奇跡は起るものではなく起すもの
ミュージカル『私たちの旅路』奮闘記
2006年4月12日
3月7日から10日まで、上海戯劇学院という大学の小劇場で、学生たちの手による日中友好オリジナル・ミュージカル『我們的旅程/私たちの旅路』が上演されました。大学の劇場で学生が舞台に立つと聞けば、ちっとも珍しくないじゃんと思われることでしょう。けれどこの舞台、他の作品とはちょっと違うのです。
それは、たった一人の日本人留学生の想いから始まりました。彼女の名前は井上明子さん。幼い頃からクラシックバレエを学び、劇団での活動経験もあり。高校は全国的にも有名な兵庫県立宝塚北高校演劇科。ずっと演劇芸術の世界で育ってきました。後に大学で国際コミュニケーションを学んでいた彼女は、中国語を学ぶために留学を考えます。さらに、自身が歩んできた舞台演劇の道を通して中国文化に触れることができれば、と上海戯劇学院で学ぶことを決意します。
日本の大学を休学して留学し、2004年2月から半年間は中国語を勉強。その後、9月から舞台監督など演劇に関する勉強を始めた井上さんには、だんだんと中国人の友人が増えていきました。一方で、TV『奇跡体験!アンビリバボー』(2005年2月17日/フジテレビ)でも放送されたことがある、神戸で上演された震災復興のためのミュージカル『栄光の果てに…』の報道記事を読み、彼女は大きな刺激と感動を受けます。傷ついた心をミュージカルで癒す、それは同じ演劇にたずさわる彼女の目の前に開かれた大きな道であり、憧れにもなりました。

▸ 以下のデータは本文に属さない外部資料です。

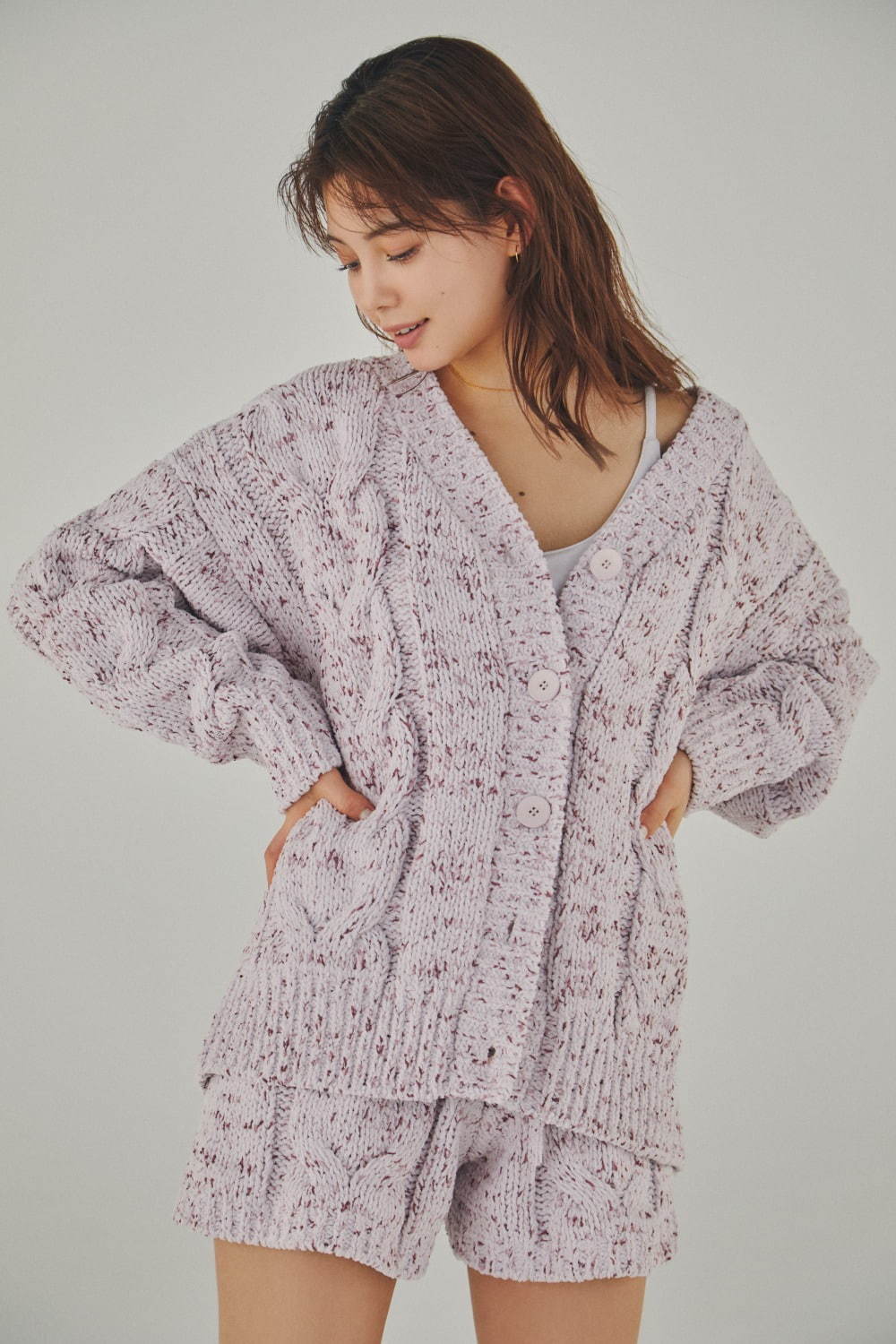 ジェラート ピケの“いちご”ルームウェア、つぶつぶMIXの苺ミルク色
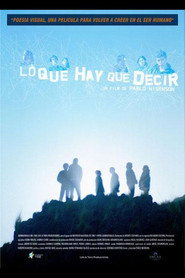 Lo que hay que decir poster
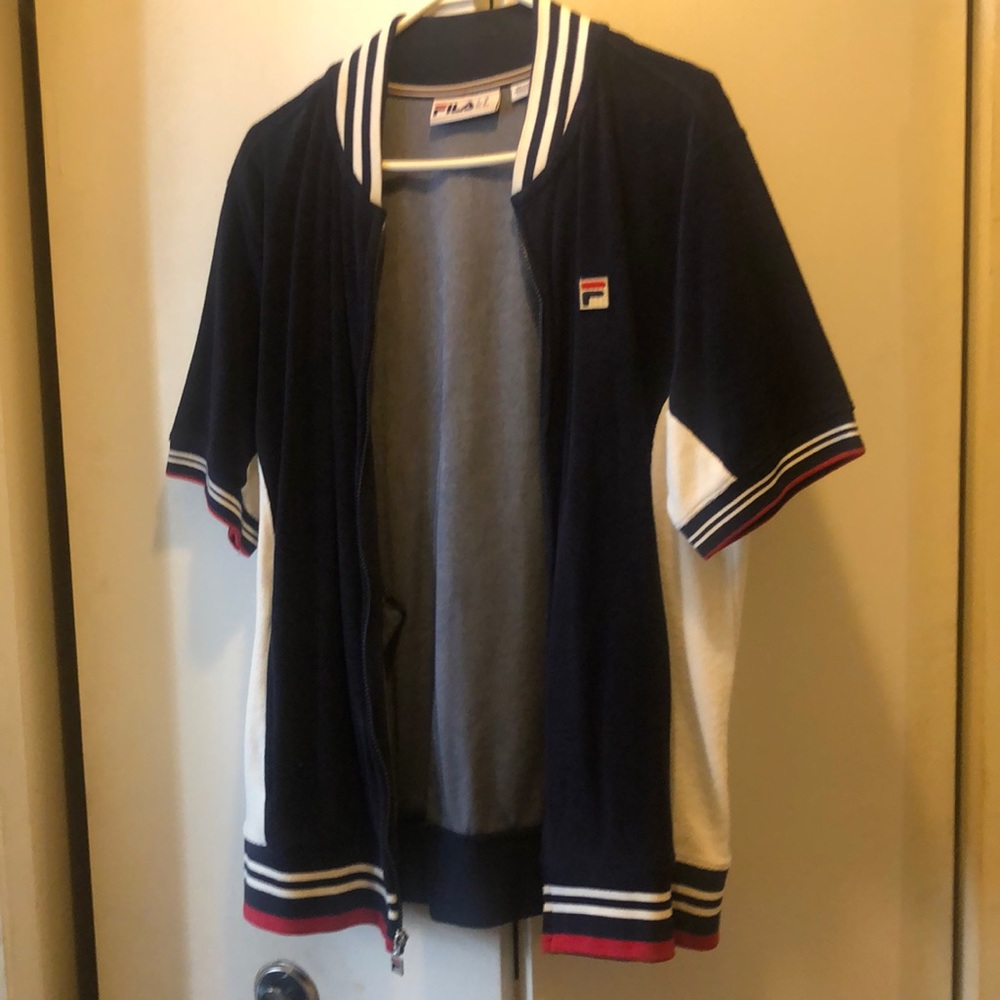 Fila velour short set shorts large jacket medium worn once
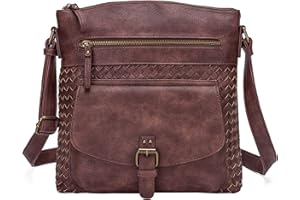 KouLi Buir Crossbody Purses for Women - PU Leather Shoulder Handbags Sling Bag Crossboby Bags Medium Multi Pockets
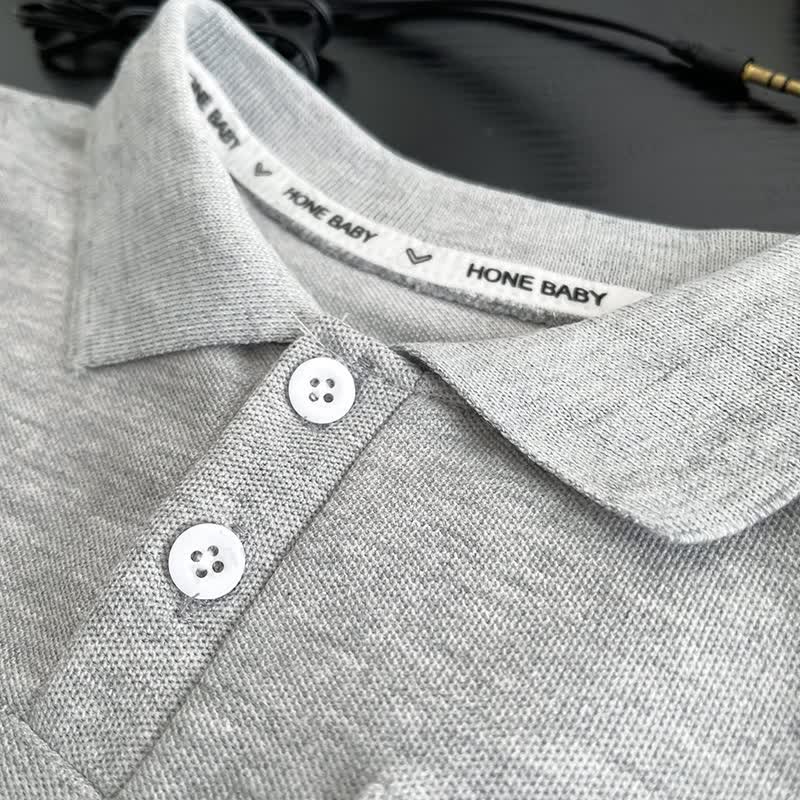 Toddler Boys Bear Pocket Polo Shirt and Denim Shorts 2-Piece Set - image 4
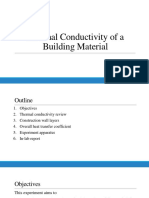 4) Thermal Conductivity of A Building Material Slides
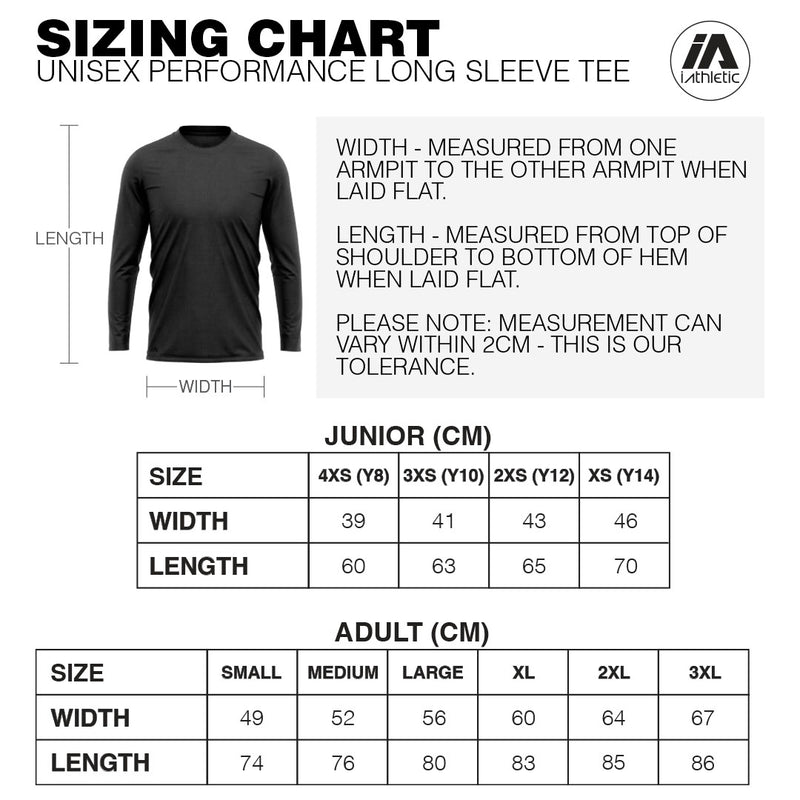 Manly Warringah Sea Eagles Performance Long Sleeve Tee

以前から大学の友人たちと作品を創りたいという話はしていたものの、特別な目的で企画を考えていたわけではありませんでした。しかし、井上さんが上海で学び始めてから後、日中関係はどんどん緊張していきます。彼女はそんな冷えきった人々の心をミュージカルで癒し、氷を溶かしていくことはできないかと考えたのでした。
井上さんの胸の中で熱くたぎってきたこの想いを、たくさんの友人たちが支えていきました。上海戯劇学院の仲間たち、宝塚北高校演劇科時代の仲間たち。1つの舞台を上演することが容易でないことは、彼女も知っていました。それでもなんとかできる、と思っていました。
ですが現実の壁は厚く、スポンサーを探そうにも学生の話にはなかなか耳を傾けてもらえません。運良く話を聞いてもらえても、甘さや曖昧さを指摘されるだけで、アドバイスをくれるような人は皆無に等しい状態でした。井上さんは自分の甘さをいやというほど思い知らされ、身も心もへとへとになります。
でも、彼女は一人ではありませんでした。井上さんが信頼し声をかけた仲間たちは、皆、彼女を信頼していました。もはやこの舞台は彼女一人の夢ではなく、みんなの夢となっていました。しかし、相変わらずいろんな壁が立ちはだかり、なかなか思うように進みません。自分たちに大きな力があるわけでもなく、マスメディアの力も動かせない彼女たちにとって、この勝負は無謀ともいえる状態にありました。
そんなある日、井上さんは日本から送られてきた谷村新司氏のドキュメンタリー番組を見ます。ご存知の方もいると思いますが、谷村さんは現在、上海音楽学院で教鞭をとることで、日中友好の道を紡いでいこうとしています。彼女は深い感銘を受けました。そして友人のつてをたどって、とうとう彼にたどり着いたのです。
井上さんたちの行為がただの思いつきや勢いだけでやっているのではない、ということをすぐにわかってもらえたのでしょう。谷村さんと上海音楽学院谷村新司音楽工作室から無償サポートを受けることになり、これでやっと、若い人たちの頑張りを支える大きな力を得ることができました。さらには、日本のマスメディアにも取り上げられるようになりました。
しかし今度は、題材の問題が浮上していました。最初に用意していた話は、戦争のせいで離れ離れになってしまったカップルが孫を通して天国で再会する、という内容だったのですが、わずかであっても日中関係にとって敏感な部分にふれる題材というのは障壁が多すぎ、このままではたとえ資金を集めることができたとしても上演は不可能だ、というところまで追いこまれてしまいました。
井上さんたちを応援してくれる人々は、谷村新司氏だけではなく大学の先生の中にも存在しましたが、反日デモが行われるなど緊張が続く中で、戦争を題材にしたままでは上演ができない、という声はもう消すことができませんでした。